RECORDS PROVIDED –
-------------------------

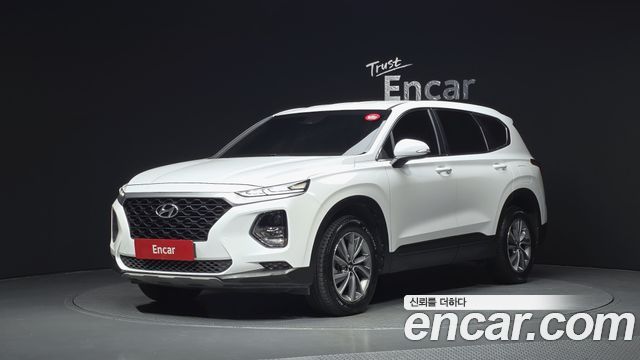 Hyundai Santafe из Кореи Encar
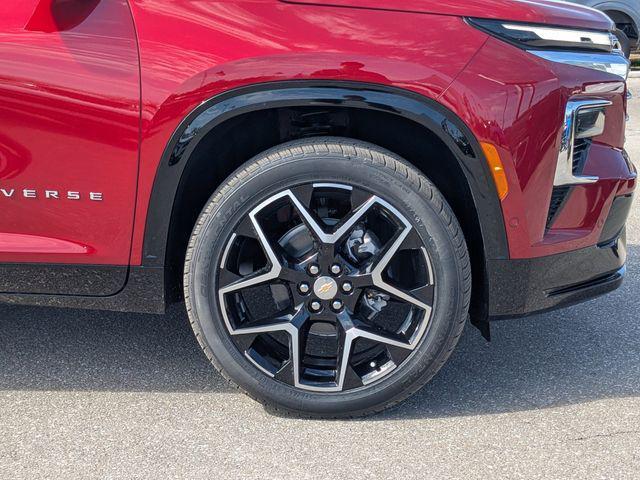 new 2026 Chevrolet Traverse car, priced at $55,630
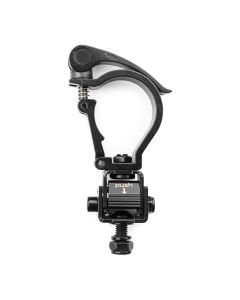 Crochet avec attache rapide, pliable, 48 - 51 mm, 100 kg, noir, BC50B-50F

-------------------------

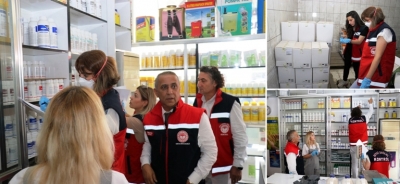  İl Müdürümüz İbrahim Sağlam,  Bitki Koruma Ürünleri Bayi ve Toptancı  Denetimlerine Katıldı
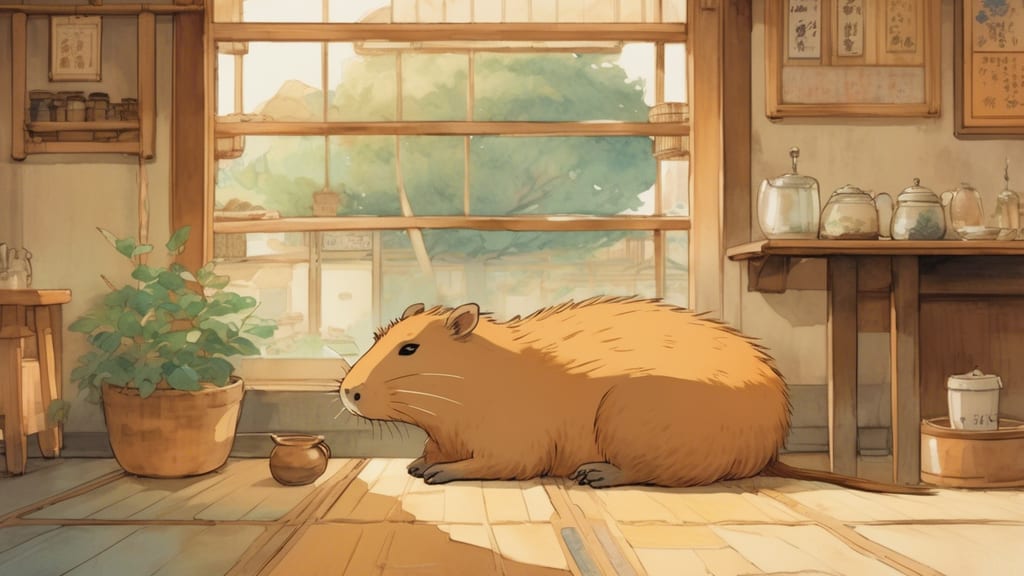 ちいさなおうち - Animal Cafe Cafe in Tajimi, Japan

-------------------------

BRIEF –
What is needed is an exact copy of only the lines above from the one with "new 2026 Chevrolet" to the one with "Crochet avec attache", both kept, with every picture left out.

WRITTEN REPLY –
 new 2026 Chevrolet Traverse car, priced at $55,630
 Crochet avec attache rapide, pliable, 48 - 51 mm, 100 kg, noir, BC50B-50F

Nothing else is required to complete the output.